Attore, ma soprattutto cantautore statunitense, cinque diversi pseudonimi (Palace, Palace Songs e Palace Brothers negli anni Novanta; il nome di battesimo Will Oldham e appunto Bonnie Prince Billy nel nuovo millennio), quasi cinquant’anni di vita, un’infinità di uscite discografiche e un genuino amore per il folk a stelle e strisce: questa la carta d’identità dell’autore di questo nuovo “I Made a Place”.

Un album sornione e riflessivo, ma con accenti gioiosi e danzerecci, bello e sfrontato, classico e imprevedibile: un disco vitale, da ascoltare nei lunghi viaggi in macchina, come durante le feste alcooliche con gli amici, in perfetta solitudine o danzando amorevolmente con una bella ragazza. L’inizio è affidato a New Memory Box, probabilmente il pezzo più frizzante del lotto, che fra banjo e ottoni vi porterà all’istante a dimenarvi all’impazzata. Questo spirito dionisiaco si ripeterà in The Devil’s Throat, canzone nata sotto lo spirito di Pete Seeger, come in Squid Eye; dolcissime invece le ballad Dream Awhile, Nothing Is Busted e Thick Air.

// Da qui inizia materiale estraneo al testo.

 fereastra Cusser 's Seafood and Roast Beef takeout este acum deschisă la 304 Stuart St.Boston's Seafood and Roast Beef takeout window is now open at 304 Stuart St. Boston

Look Backward On Your Future, Look Forward To Your Past e This Is Far From Over nella loro semplicità per sola chitarra acustica e voce omaggiano la tradizione rebel di un Johnny Cash o un Woody Guthrie, la title track il rock dei sixties (come non sentire il riff di The End dei Doors nei gentili arpeggi del nostro o il fantasma dei Traffic nel solo finale di flauto?). Da citare anche il valzer di Mama Mama, così come il finale simil traditional dell’ipnotica Building a Fire (nella struttura molto simile a un altro bellissimo brano folk dell’ultimo decennio: Instrument di Mason Jennings). Insieme a “Ode to Joy” dei Wilco, il disco alt (?) country dell’anno.